Speed up the matrix inversion computation with PARDISO?

Nan_Deng · ‎03-27-2012

The most time consuming part of my application is toinvert a fully-populated complex matrix. I used the PARDISO solver from MKL, and the process works fine, except when the matrix getting larger.

In a recent runthe matrix to be inverted is of the size 60200 by 60200. The machine running the code is an HP DL980 server with 64 cores at 2.4GHz, 1TB memory.

The solutionprocess appears to be in three stages:first the codeuses only one core for about 90-150 hours (for different frequencies) using about 170GB of memory, then the parallel processing part kicking in, uses up to 32 cores for about 8 - 10 hours with up to 320 GB of memory, finally the run uses one core again for about 10-15 hours, with 120 - 170 GB of memory (All times are calendar time. CPU time is about 400 hours in total).

The most frustrating period during the run is obviously the first stage. 90 - 150 hours for a single processor are about 4 - 6 days while all other processing power of 63 cores are wasted. I wonder if there is any way to speed up the period and utilize the power of other cores? Even just a factor of two (may be factorize odd and even rows concurrently?) would be greatly improve the performance. Is there any pre-processor we can do to the matrix to get it run faster?

I'd appreciate any input and ideas on how to improve the code.

Nan Deng

Chao_Y_Intel · ‎03-27-2012

Hello,

How is the parallel parameter set in the computation? To enable the parallel in teh phase 1, it needs to set the iparm(2) as 3:

iparm:

If iparm(2) = 3, the parallel (OpenMP) version of the nested dissection algorithm is used. It can decrease the time of computations on multi-core computers, especially when PARDISO Phase 1 takes significant time.

The default value of iparm(2) is 2

Thanks,
Chao

Nan_Deng · ‎03-28-2012

Thanks for your suggestion.

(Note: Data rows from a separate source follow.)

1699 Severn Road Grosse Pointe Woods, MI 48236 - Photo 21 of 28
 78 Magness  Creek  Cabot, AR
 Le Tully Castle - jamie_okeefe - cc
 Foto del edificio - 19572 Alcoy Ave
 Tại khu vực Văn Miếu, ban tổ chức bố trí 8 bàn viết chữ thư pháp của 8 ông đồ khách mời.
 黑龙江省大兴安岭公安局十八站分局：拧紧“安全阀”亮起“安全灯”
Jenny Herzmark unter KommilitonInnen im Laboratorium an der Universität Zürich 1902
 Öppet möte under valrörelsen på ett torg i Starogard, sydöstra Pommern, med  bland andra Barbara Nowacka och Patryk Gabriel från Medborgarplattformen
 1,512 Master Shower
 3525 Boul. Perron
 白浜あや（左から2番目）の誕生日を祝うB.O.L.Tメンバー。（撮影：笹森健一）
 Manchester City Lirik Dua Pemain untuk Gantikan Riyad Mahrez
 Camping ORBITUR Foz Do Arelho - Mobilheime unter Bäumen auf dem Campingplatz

I tried to useiparm(2)=3 and tried a smaller size model, but there is no improvement for over all solution time. Did I miss anything? Should I try some other parameters?

By the way, is iparm(2)=3 implemented by Intel? I checked the latest PARDISO manual (ver. 4.1.2, updated 2/12/2011) and there is no mention about this option. Is the latest intel version of pardiso compatible with the original author's latest version? Say in the manual 4.1.2, there aredefinitions for iparm(n)n = 34, 51, 52 whichrelated to parallel processing but are not defined in the MKL's help file, are these options still valid under intel's version?

Also, iparm(3) is not defined in intel's help file, can I just leave it0? how can we determine the number ofcores to be used in the process?

Thanks,
Nan Deng

Alexander_K_Intel2 · ‎03-28-2012

Hi,

Do you use Intel MKL PARDISO or PARDISO from Basel? If you use Intel PARDISO could you provide names of MKL library which you use to compile your project? If you link serial version of libraries then only one thread will use for PARDISO solver, if use parallel version and don't set some additional parameters parallel version of PARIDSO with maximum number of threads will be used. That's why I asked about your linkline.

With best regards,

Alexander Kalinkin

Nan_Deng · ‎03-29-2012

I use the latest version of the composer, installed in my Windows 2008 Visual Studio shell from previous installation. And I use PARDISO from MKL.

The following is the content in the pull-down menu "project properties - configuration properties - linker - command line". I hope this is the line you asked.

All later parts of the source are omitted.